Assuming equal big-O means equal speed. Layout changes misses, not operations — 5–10× swings are common on memory-bound code.
Defaulting to SoA everywhere. SoA tanks whole-record random access (one miss per field, scattered). Match layout to access pattern.
Ignoring false sharing. Invisible in source; only a profiler (perf c2c, HITM) or a scaling test reveals it. Pad hot write-shared vars to a line.
Over-padding cold data. Padding everything bloats the footprint and hurts spatial locality; pad only the contended hot variables.
Stating tiled matmul as Θ(n³/B).

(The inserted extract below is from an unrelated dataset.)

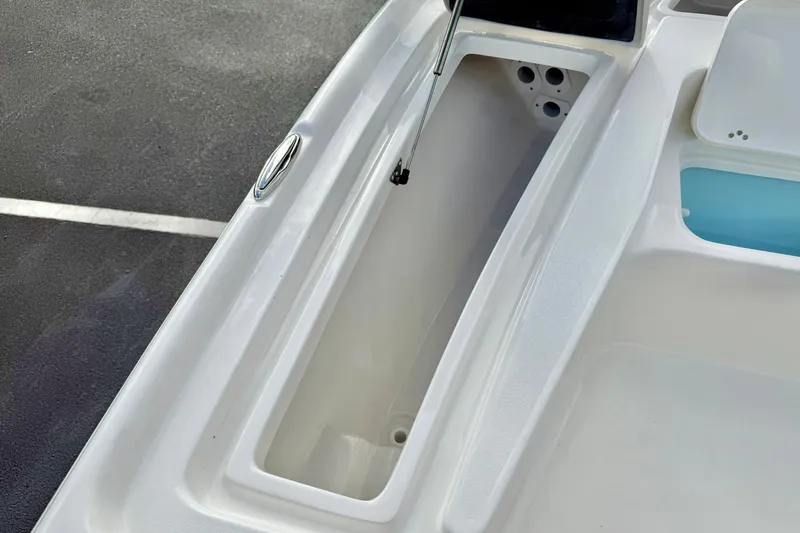 Slide: The Image of 2026 Key West 210 Bay Reef boat storage compartment detail. - 24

The √M factor is the point: Θ(n³/(B√M)) — the cache holds a √M × √M block.
Traversing column-major over a row-major array (or vice versa). Make the innermost loop walk the contiguous dimension.

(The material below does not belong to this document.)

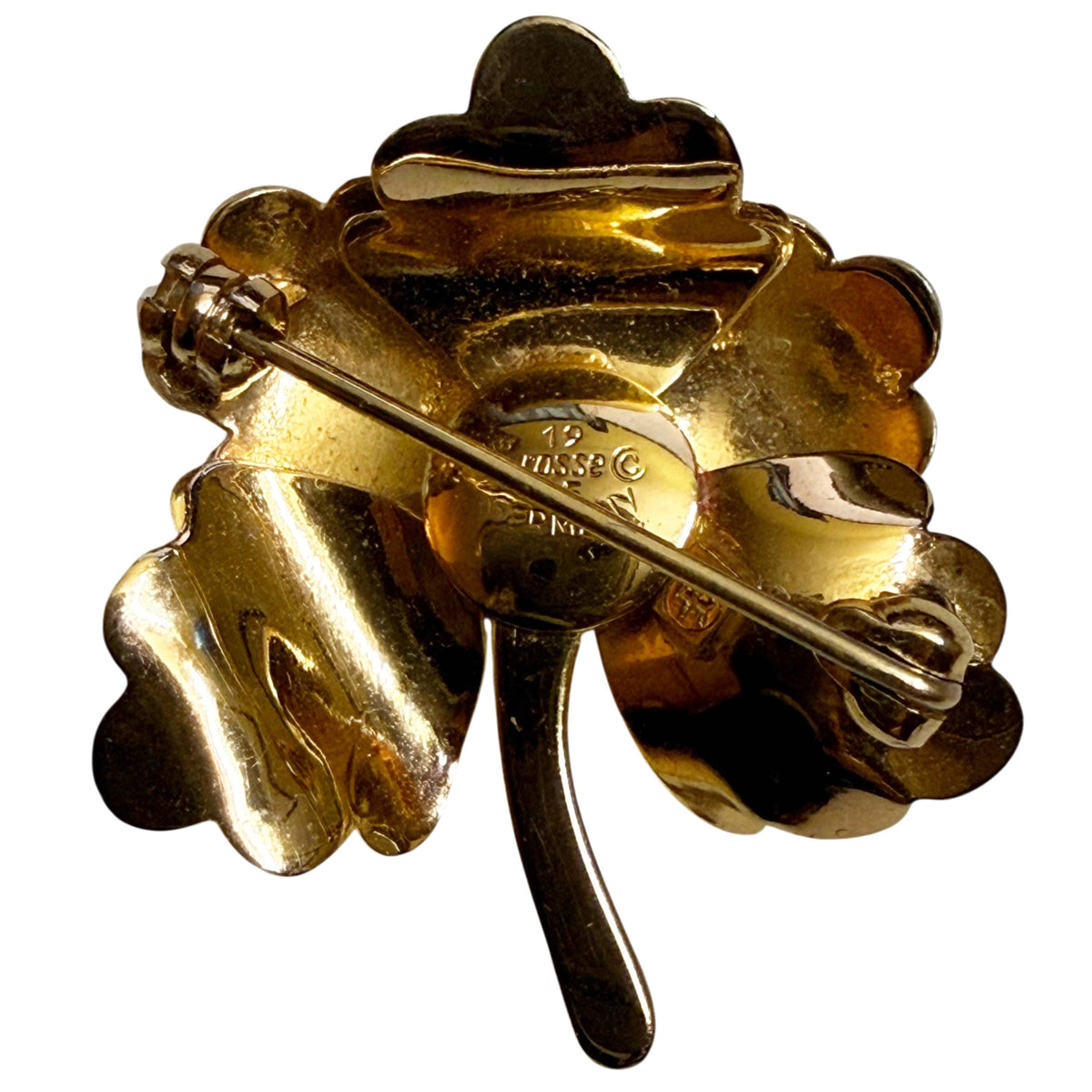 Reverse of 1965 Grossé floral brooch showing gold-plated construction, pin clasp and signed maker's mark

Micro-optimizing layout before fixing the algorithm or profiling. Layout is a finisher; a better complexity wins as n grows.
Forgetting pointer-chasing kills prefetch. Dependent loads to unpredictable addresses defeat the prefetcher; prefer contiguous/array-backed structures.

Tips & Summary¶

Lead with the unit of transfer: "The cache moves 64-byte lines, not bytes — layout decides how much of each line is useful, so it decides speed even at fixed big-O." That frames every answer.
Nail the AoS/SoA rule with numbers: touch f of d fields → AoS wastes (d−f)/d per line; SoA up to d/f× less traffic plus SIMD. SoA for column sweeps, AoS for whole-record random access.
Have the false-sharing story ready cold — it's the classic senior question: two cores write different vars on the same line → MESI ping-pong → scaling regresses; fix by padding/aligning to separate lines. Mention perf c2c to show you can find it.
Connect tiling to cache-oblivious: tiling picks t = Θ(√M) explicitly for one level; recursion does it for free at every level — same Θ(n³/(B√M)) bound. See ../02-cache-oblivious-algorithms/interview.md.
Cite the applied wins: columnar/OLAP (SoA for tables), Eytzinger binary search (BFS layout + speculative prefetch), row-major traversal order. Concrete, real-system examples land hardest.
Get the priority right: algorithm first, profile to confirm memory-bound, then layout — it's a 5–10× finisher, wasted if applied prematurely or to the wrong (cold/compute-bound) code.